Stored items from a collection
-------

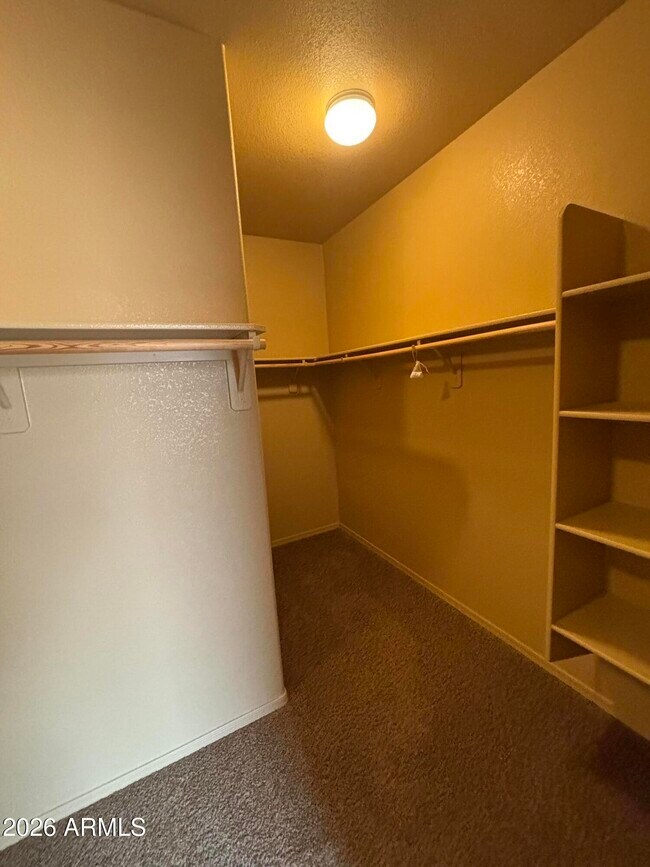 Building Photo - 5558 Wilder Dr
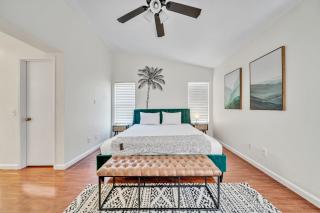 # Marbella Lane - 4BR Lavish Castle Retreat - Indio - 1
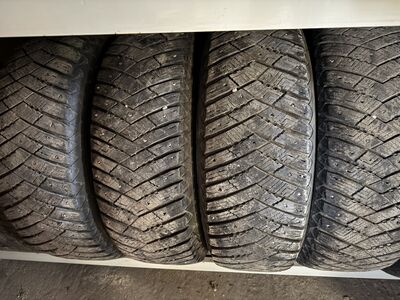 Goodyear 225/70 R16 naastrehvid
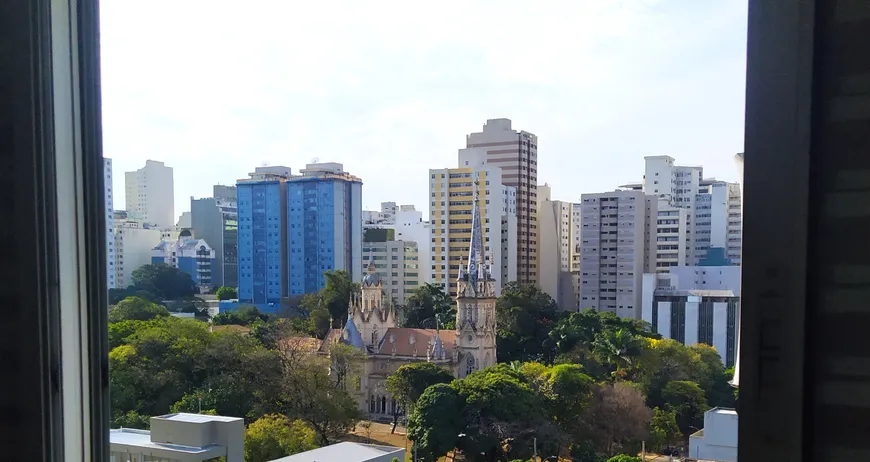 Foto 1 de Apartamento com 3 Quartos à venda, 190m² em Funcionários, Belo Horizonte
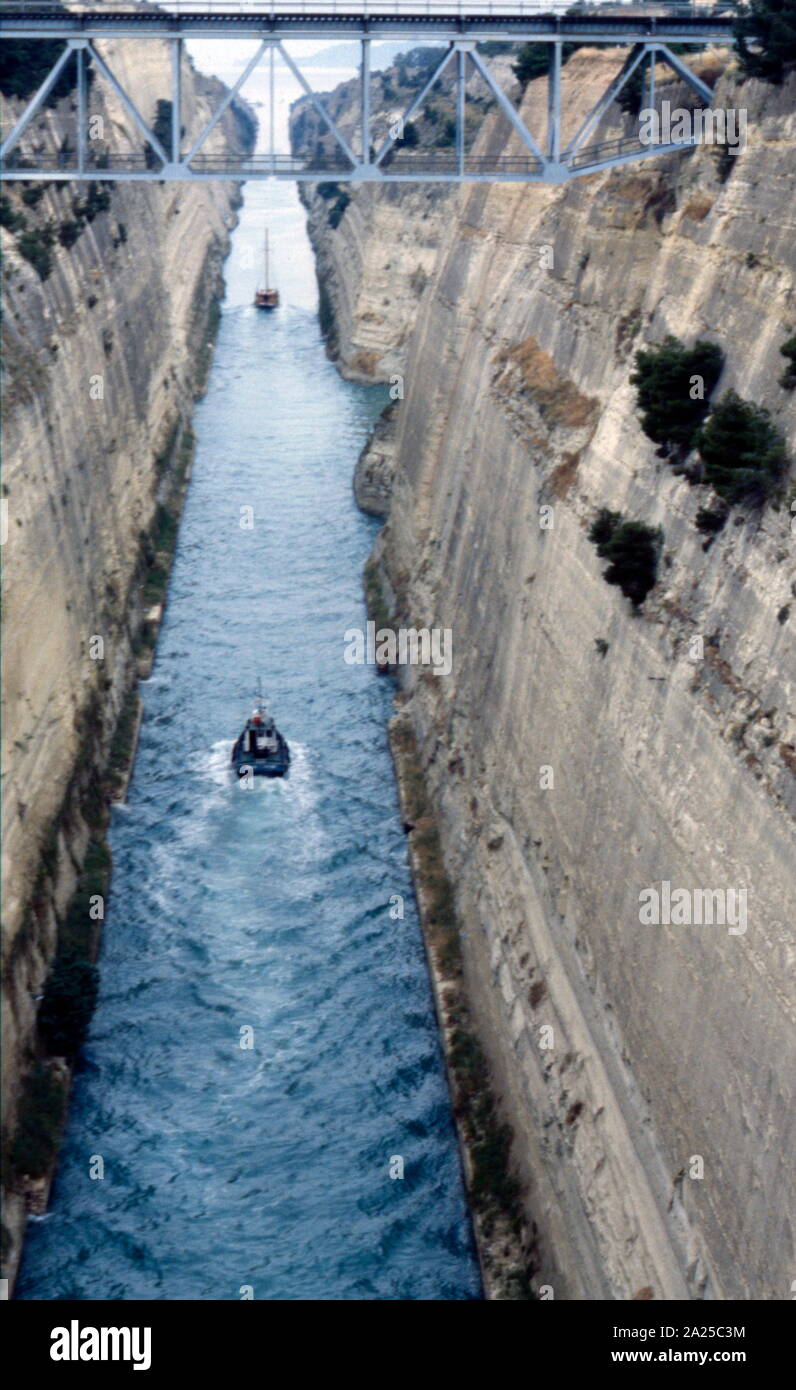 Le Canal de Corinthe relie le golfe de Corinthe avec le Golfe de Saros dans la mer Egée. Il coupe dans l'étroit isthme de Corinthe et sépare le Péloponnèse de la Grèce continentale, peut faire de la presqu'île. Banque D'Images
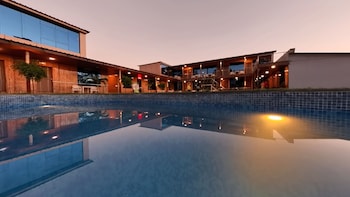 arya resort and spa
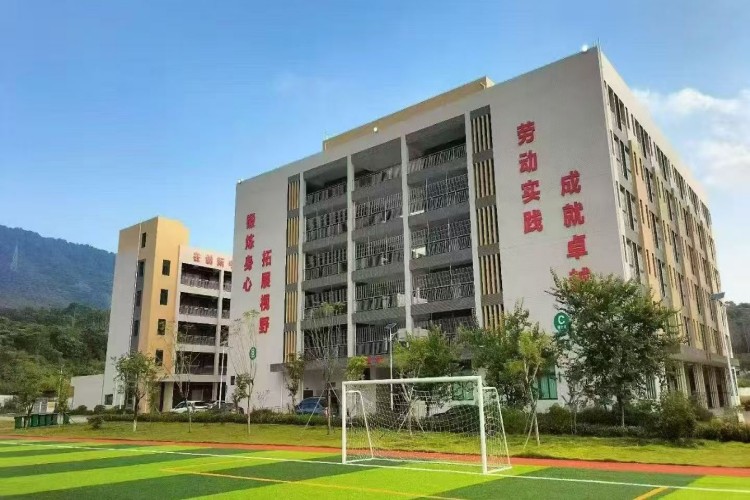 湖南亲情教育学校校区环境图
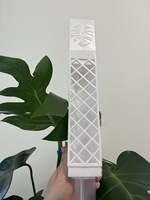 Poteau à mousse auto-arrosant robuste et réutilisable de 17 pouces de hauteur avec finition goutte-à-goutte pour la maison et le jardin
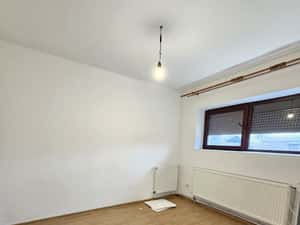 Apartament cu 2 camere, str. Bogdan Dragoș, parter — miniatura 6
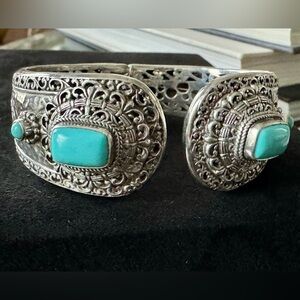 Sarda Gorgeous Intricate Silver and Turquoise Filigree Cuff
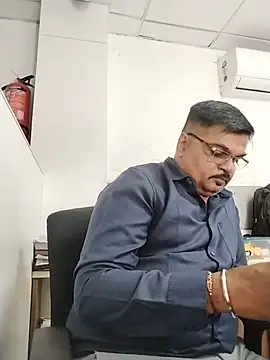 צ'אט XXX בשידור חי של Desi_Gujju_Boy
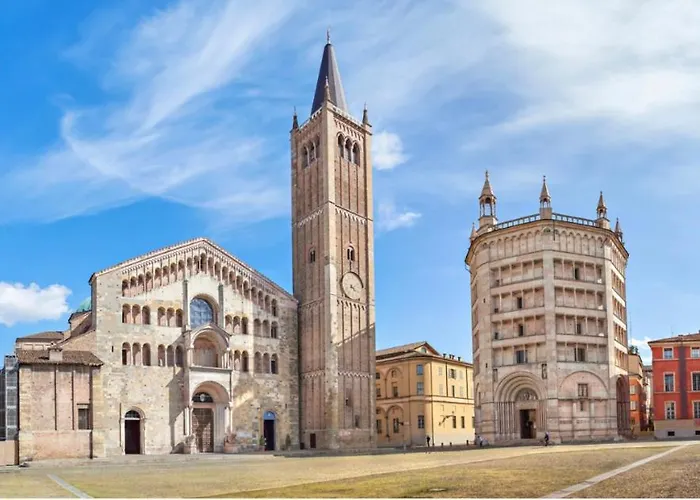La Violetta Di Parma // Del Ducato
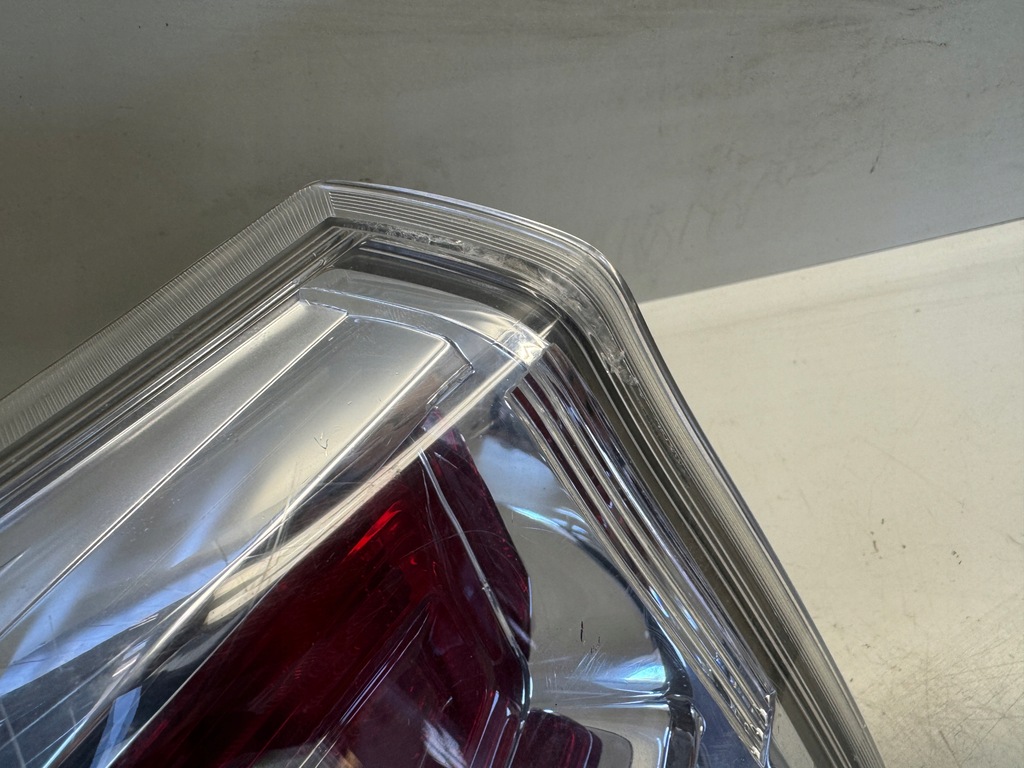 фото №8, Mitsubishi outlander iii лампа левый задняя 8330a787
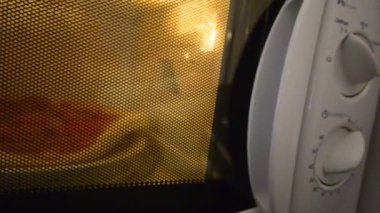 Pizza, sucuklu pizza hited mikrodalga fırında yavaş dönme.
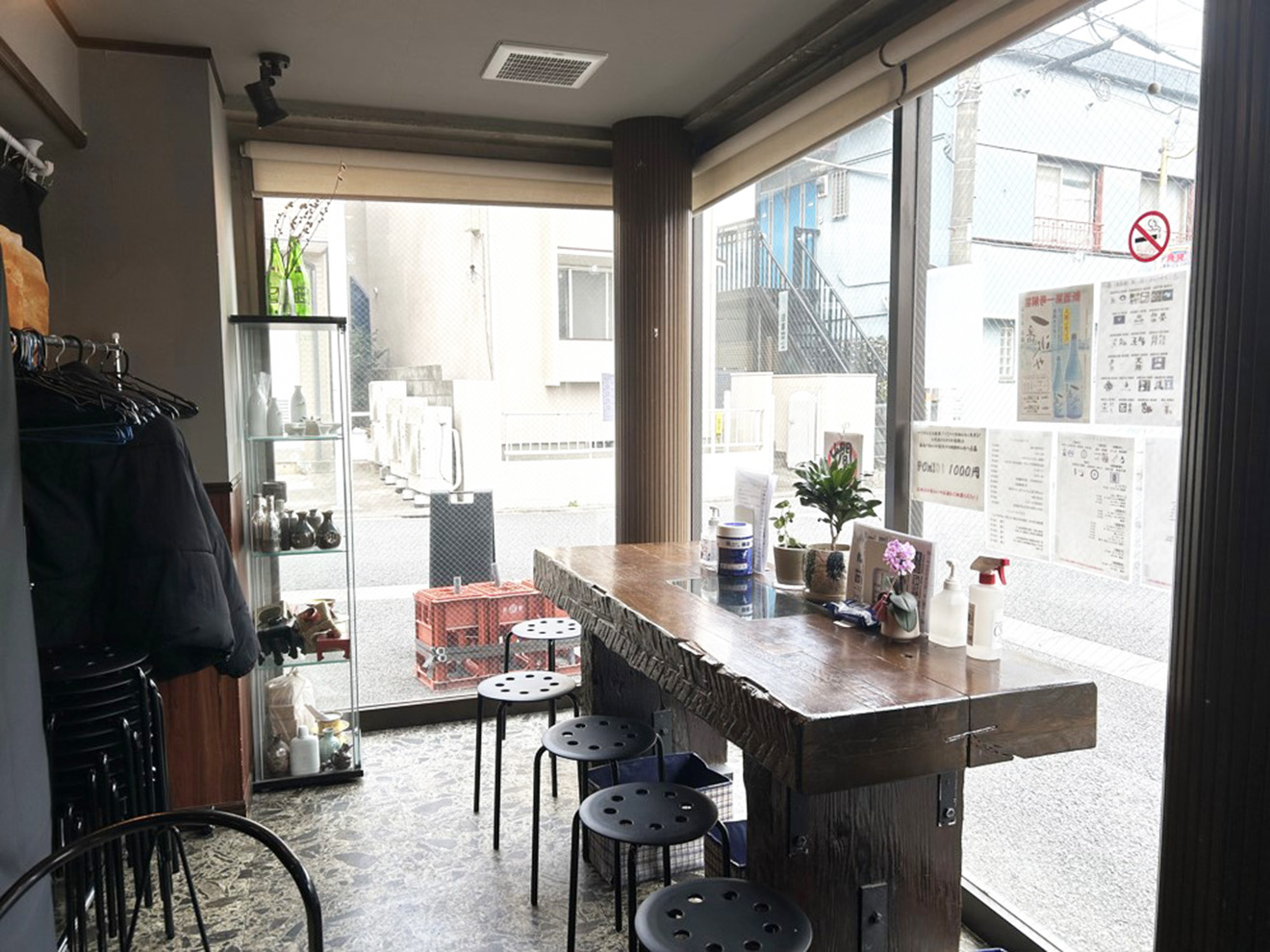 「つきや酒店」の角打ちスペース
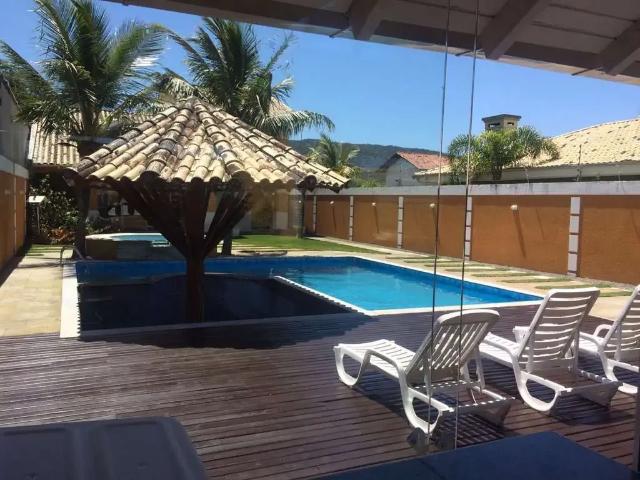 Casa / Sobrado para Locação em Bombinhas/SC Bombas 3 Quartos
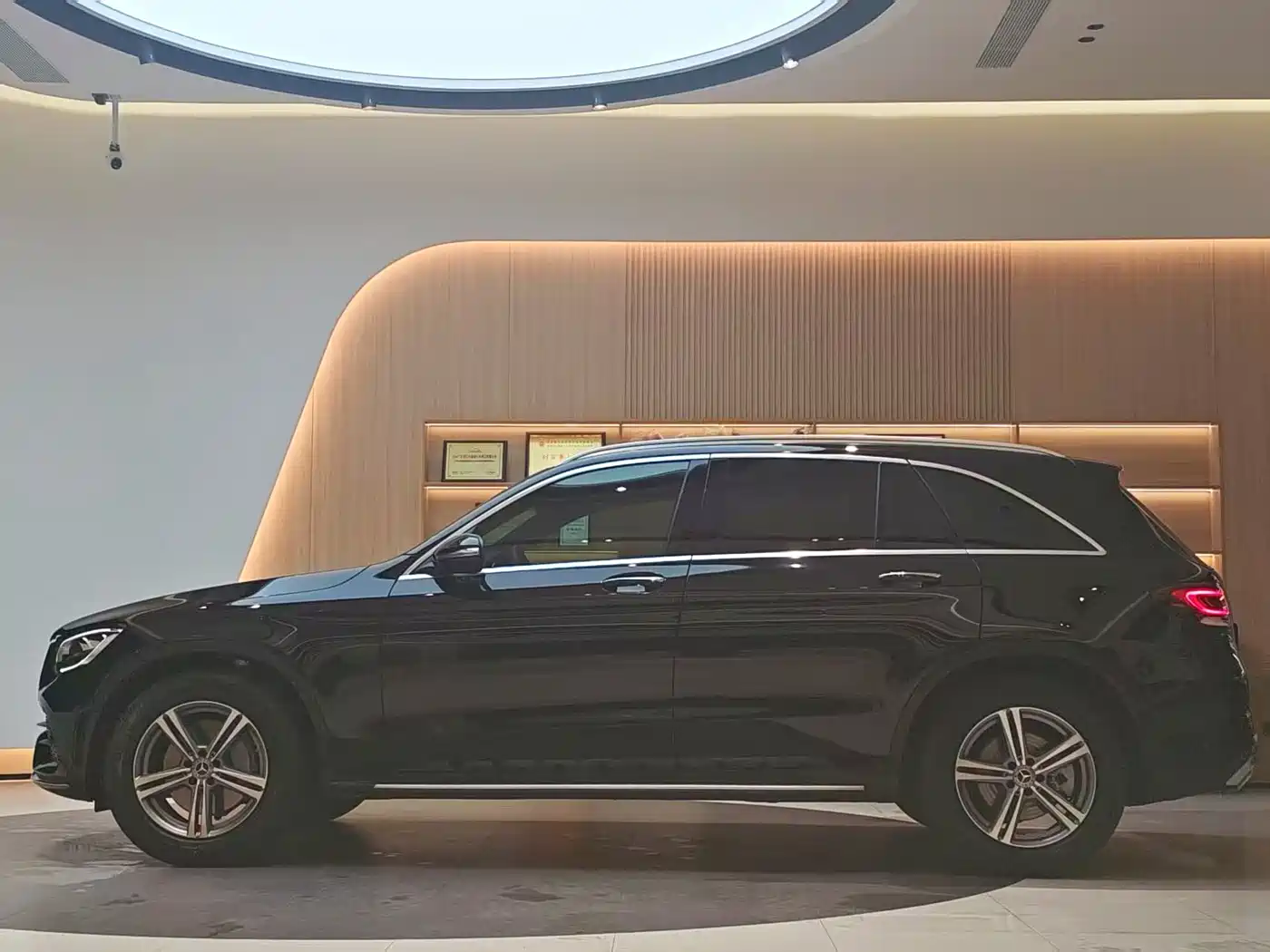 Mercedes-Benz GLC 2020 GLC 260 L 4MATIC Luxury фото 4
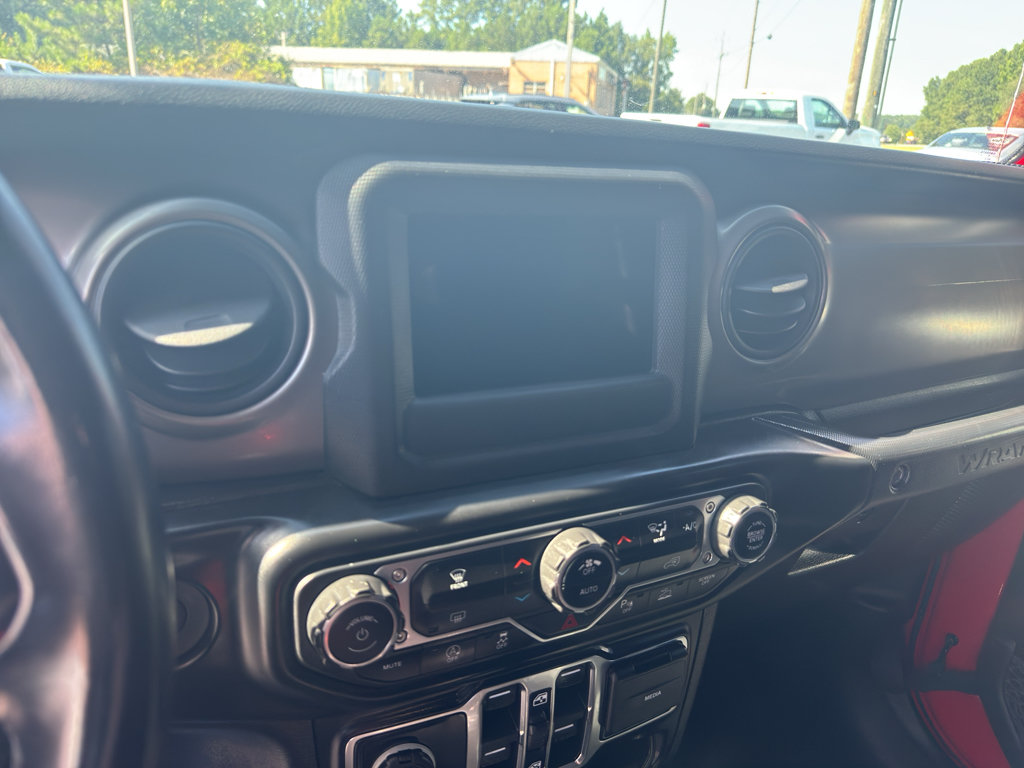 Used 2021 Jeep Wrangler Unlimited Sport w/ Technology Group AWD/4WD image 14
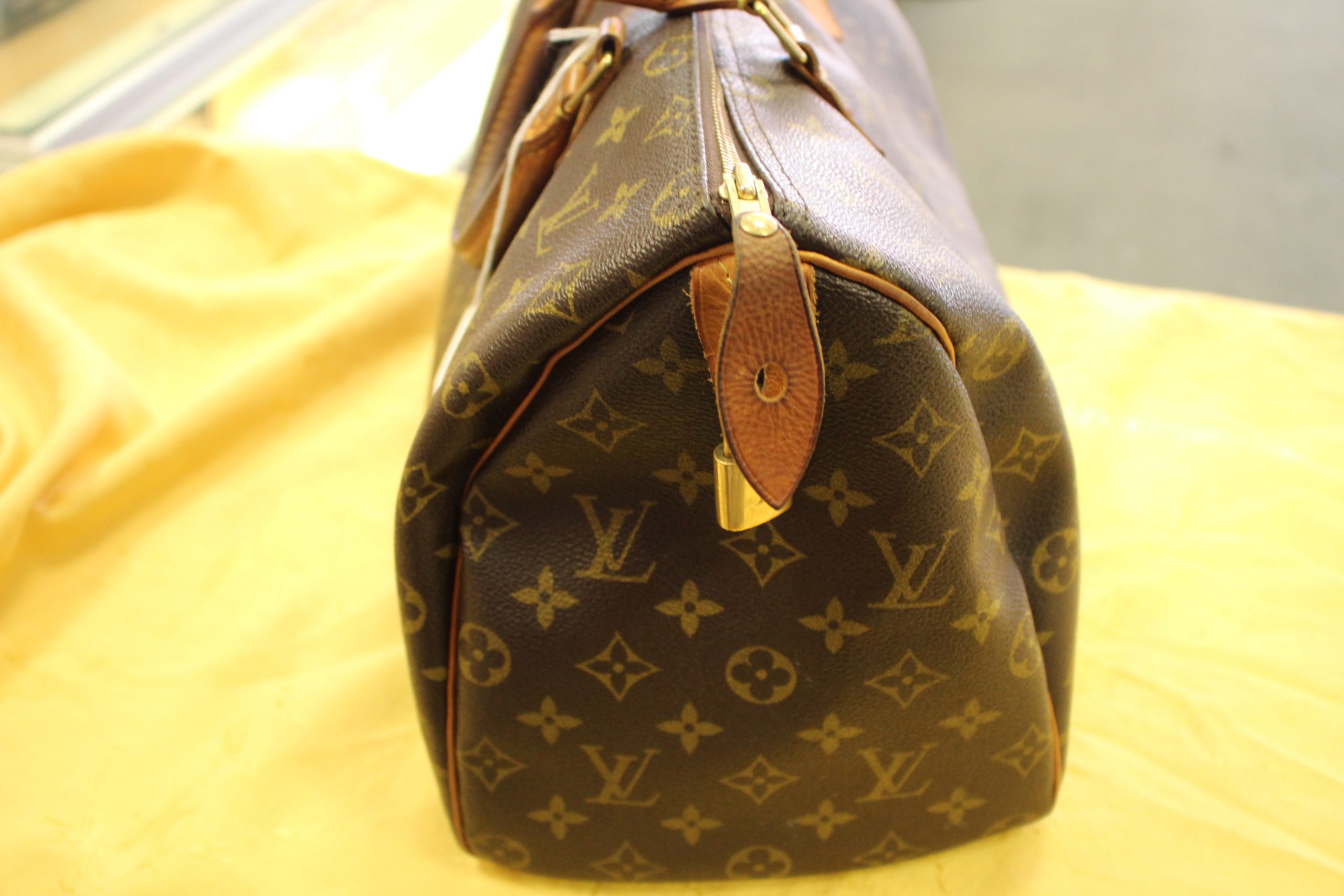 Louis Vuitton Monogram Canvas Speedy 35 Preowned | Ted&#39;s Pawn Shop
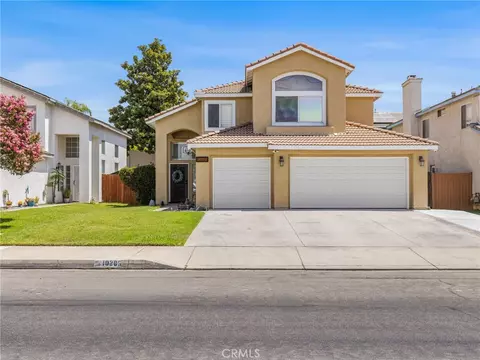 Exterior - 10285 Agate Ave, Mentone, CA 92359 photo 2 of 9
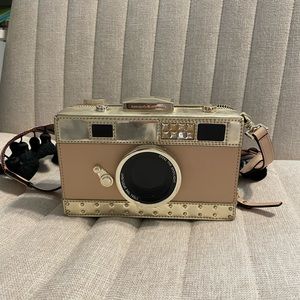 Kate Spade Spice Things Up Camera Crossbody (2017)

-------

Task objective: Above are records; repeat only the lines from the line with "фото №8, Mitsubishi" through the line with "Louis Vuitton Monogram", and leave pictures out.

Response:
 фото №8, Mitsubishi outlander iii лампа левый задняя 8330a787
 Pizza, sucuklu pizza hited mikrodalga fırında yavaş dönme.
 「つきや酒店」の角打ちスペース
 Casa / Sobrado para Locação em Bombinhas/SC Bombas 3 Quartos
 Mercedes-Benz GLC 2020 GLC 260 L 4MATIC Luxury фото 4
 Used 2021 Jeep Wrangler Unlimited Sport w/ Technology Group AWD/4WD image 14
 Louis Vuitton Monogram Canvas Speedy 35 Preowned | Ted&#39;s Pawn Shop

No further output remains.